Items from a dataset:
============================================================

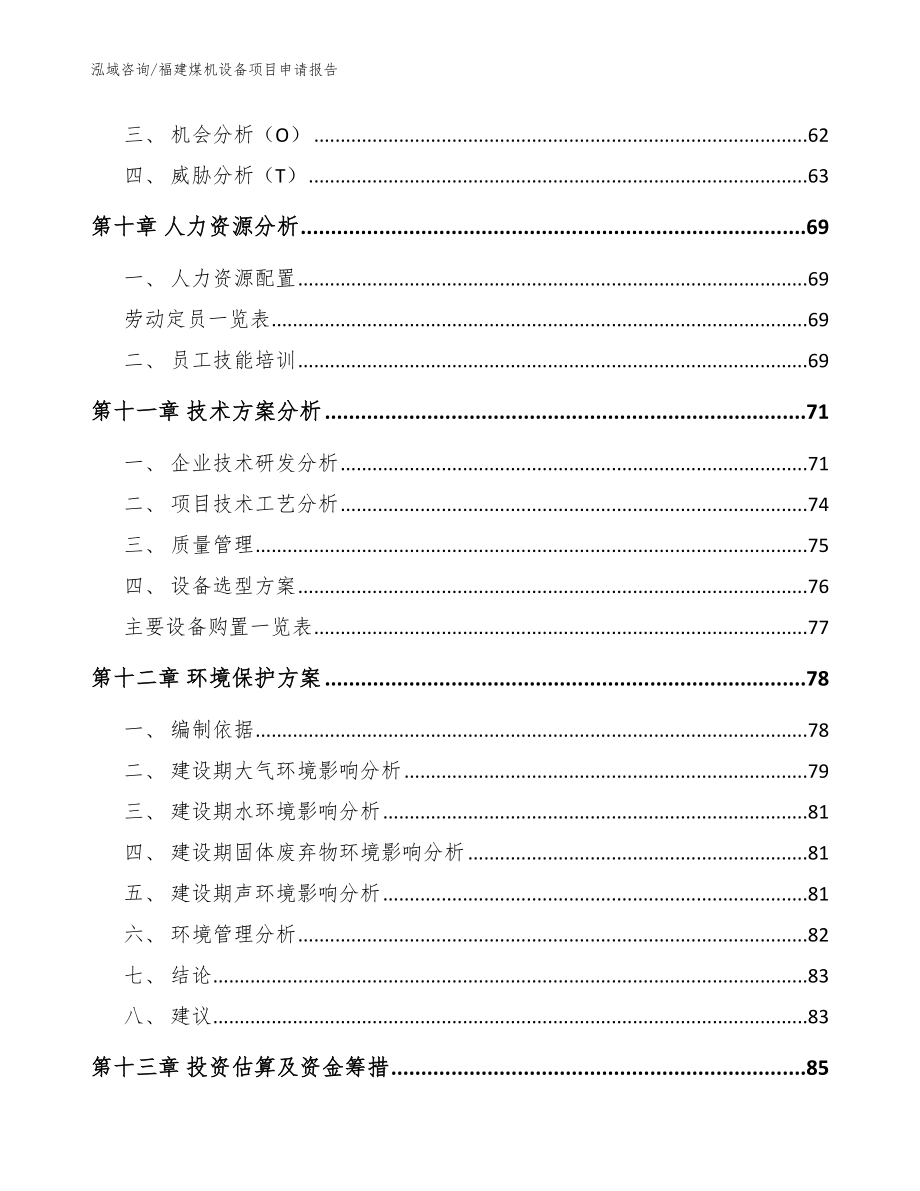 福建煤机设备项目申请报告范文_第3页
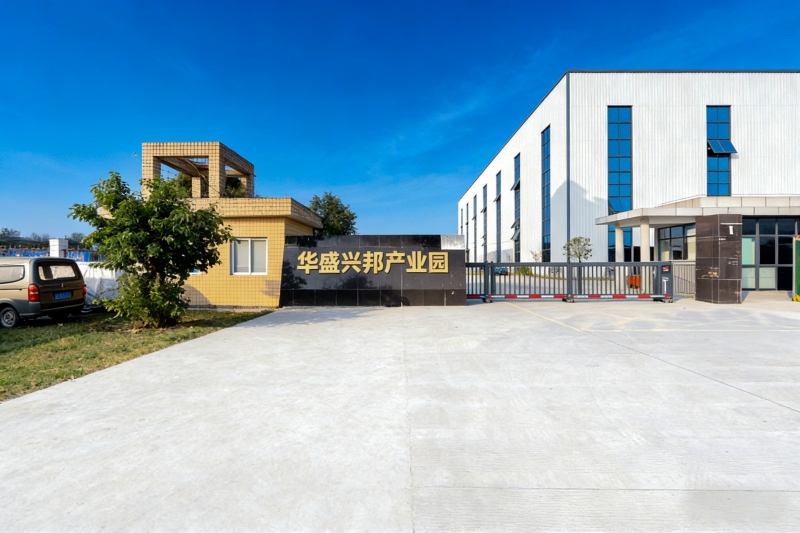成都食品廠房出租：火鍋底料建廠選對場地，做品牌、控成本、穩盈利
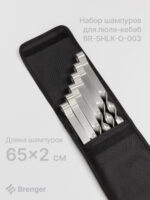 Набор шампуров 65x2 см для люля-кебаб в чехле (оксфорд) BRENGER BR-SHLK-O-003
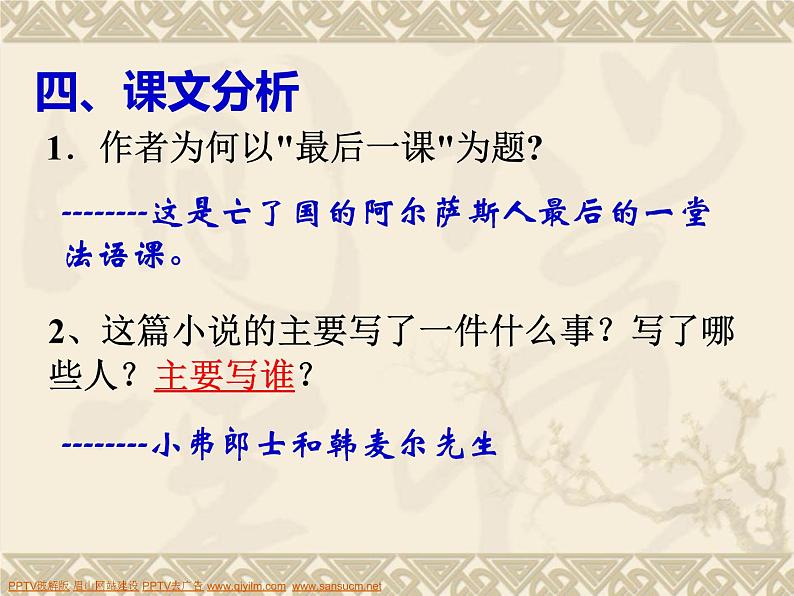 部编版语文七年级下册 第六课 最后一课 课件08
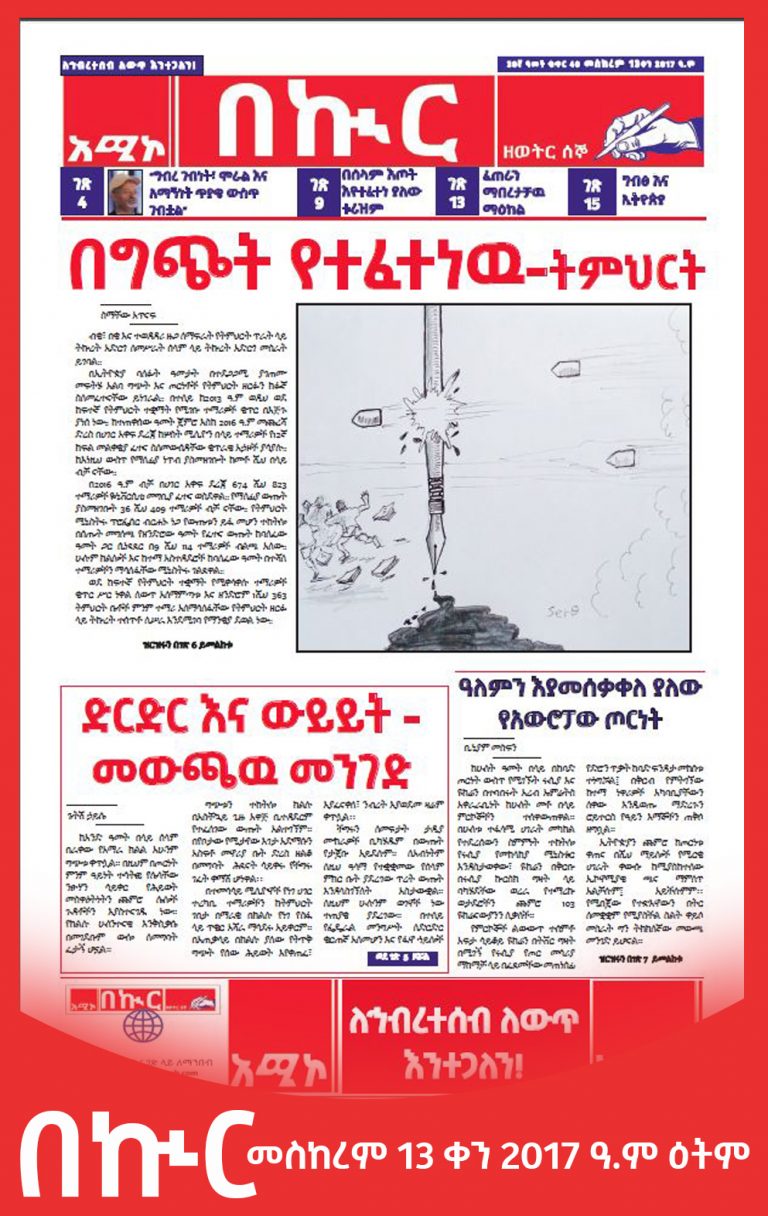በኲር መስከረም 13 ቀን 2017 ዓ.ም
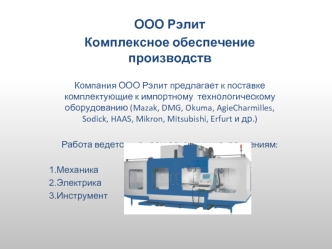 ООО Рэлит  
Комплексное обеспечение производств 

Компания ООО Рэлит предлагает к поставке комплектующие к импортному  технологическому оборудованию (Mazak, DMG, Okuma, AgieCharmilles, Sodick, HAAS, Mikron, Mitsubishi, Erfurt и др.)

Работа ведется  по тр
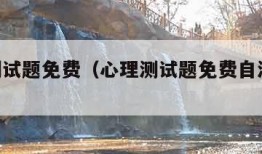 心理测试题免费（心理测试题免费自测90题）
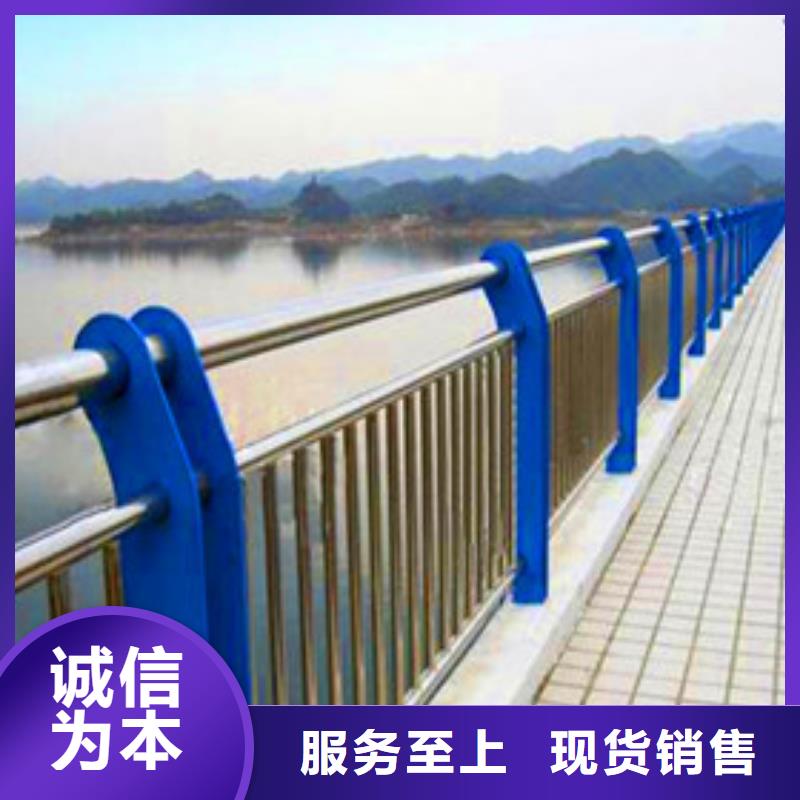 桥梁护栏不锈钢生产厂家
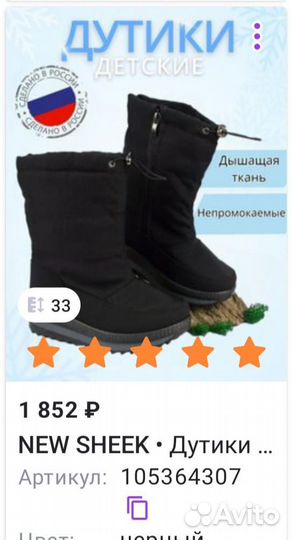 Угги детские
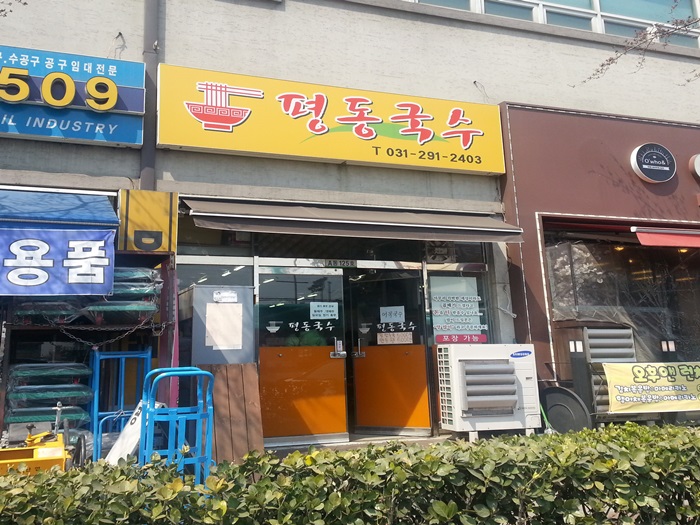 평동국수 이미지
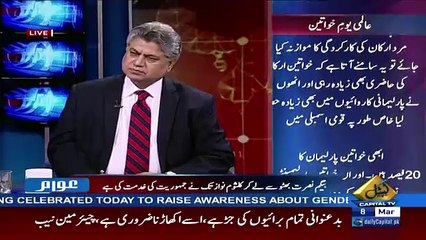 Awaam – 8th March 2018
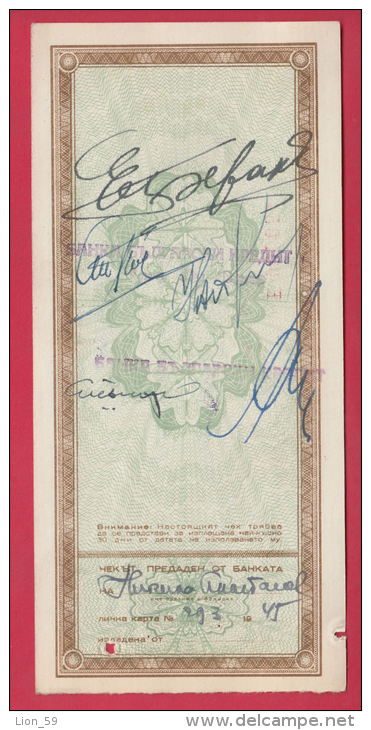 B978 / - 5 000 Leva 1947 GENERAL UNION POPULAR BANK Foreign Exchange Certificate Check  Bulgaria Bulgarie Bulgarien - Bulgaria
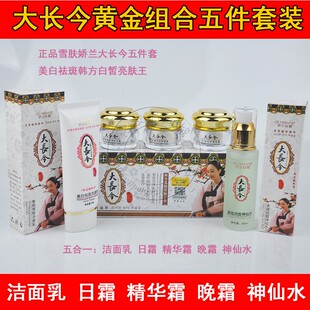 正品丝曼大长今五件套装日晚霜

============================================================

**PROBLEM DESCRIPTION:**
From the line that contains "桥梁护栏不锈钢生产厂家" down to the last line of the entries above, copy every line exactly and leave out the pictures.

**RESULT:**
 桥梁护栏不锈钢生产厂家
 Угги детские
 평동국수 이미지
 Awaam – 8th March 2018
 B978 / - 5 000 Leva 1947 GENERAL UNION POPULAR BANK Foreign Exchange Certificate Check  Bulgaria Bulgarie Bulgarien - Bulgaria
 正品丝曼大长今五件套装日晚霜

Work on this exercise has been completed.